If today China is once again talking about working together with India on global economic issues, there seems to be a realisation in Beijing that western opinion is turning against it rather rapidly. China would need partners which can help it alleviate some of these challenges. Its traditional partner of choice, Russia, won’t be of much help as it is not fully integrated into the global economic order and has also burned its bridges with the West. India, meanwhile, remains an emerging economic power — both with the heft and credibility — to shape the global economic architecture, in partnership with the West.

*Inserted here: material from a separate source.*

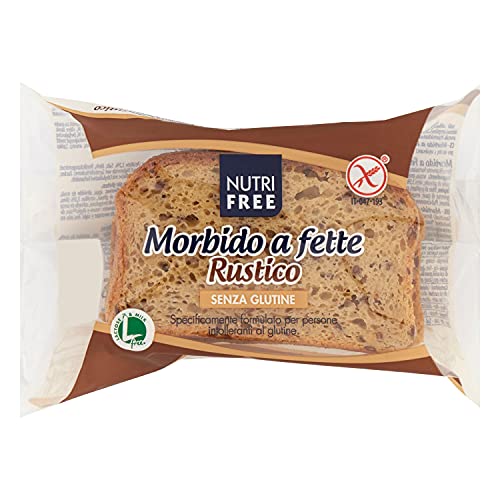 NutriFree Morbido a Fette Rustico Pane Morbido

China has been using the BRICS platform to rally India and others to support economic globalisation and multilateralism and make a stand against Donald Trump’s protectionist tendencies even as bilaterally, it has been seeking greater cooperation from India. Given India’s high stakes in the globalised economic order, New Delhi has also offered this support. India’s membership of the BRICS allows New Delhi to have conversations with other four members on issues of global governance in an age of disruption being shaped by the Trump Administration.
The challenges ahead
The challenge for India is to once again use its convergence with Russia and China on global issues to bring a semblance of balance to American capriciousness on the global stage. New Delhi has engaged Trump administration at multiple levels to give it a sense of Indian sensitivities and priorities. But in order to hedge against a Washington which is hell-bent on disrupting the “rules of the game”, most of them laid down by the US itself, it is imperative for India to engage with Russia and China. Unlike the India of the 1990s, the India of today is much better placed to set the terms of these engagements.

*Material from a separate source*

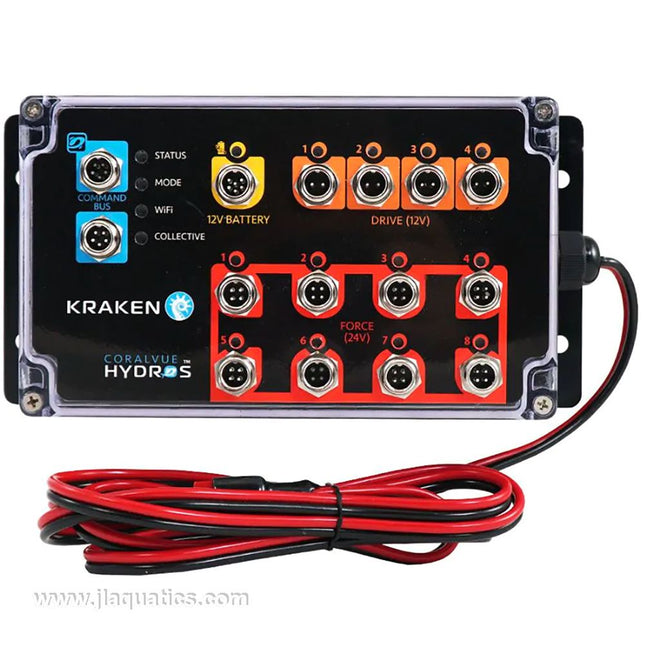 Hydros Kraken Power Center full front view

India’s rising global profile is reshaping New Delhi’s approach to its major partnerships in the changing global order. Though sections of the Indian establishment still want to reinvent non-alignment under ever new guises, New Delhi is showing signs of pursuing strategic autonomy separately from non-alignment under Modi. This separation is overdue in India’s foreign policy, and the country stands to benefit from leveraging partnerships rather than shunning them. Under the Modi government, India is charting new territory in its foreign policy, predicated on the belief that, rather than proclaiming non-alignment as an end in itself, India needs deeper engagement with its friends and partners if it is to develop leverage in its dealings with its adversaries and competitors. India is today well positioned to define its bilateral relationships on its own terms without ideological crutches.
The sheer audacity with which Modi has challenged the foreign policy shibboleths of the past is striking. The non-alignment ideologues in India stand confounded. For years, the nation has been told that the only way the foreign policy establishment can secure Indian interests is by working within the rubric of non-alignment. As India conceives of a new role for itself in global politics, the critical issue remains one of state capacity which subsequent governments will continue to grapple with. But there should be no doubt that Indian foreign policy has shifted the goal posts in the last five years – both in style and substance.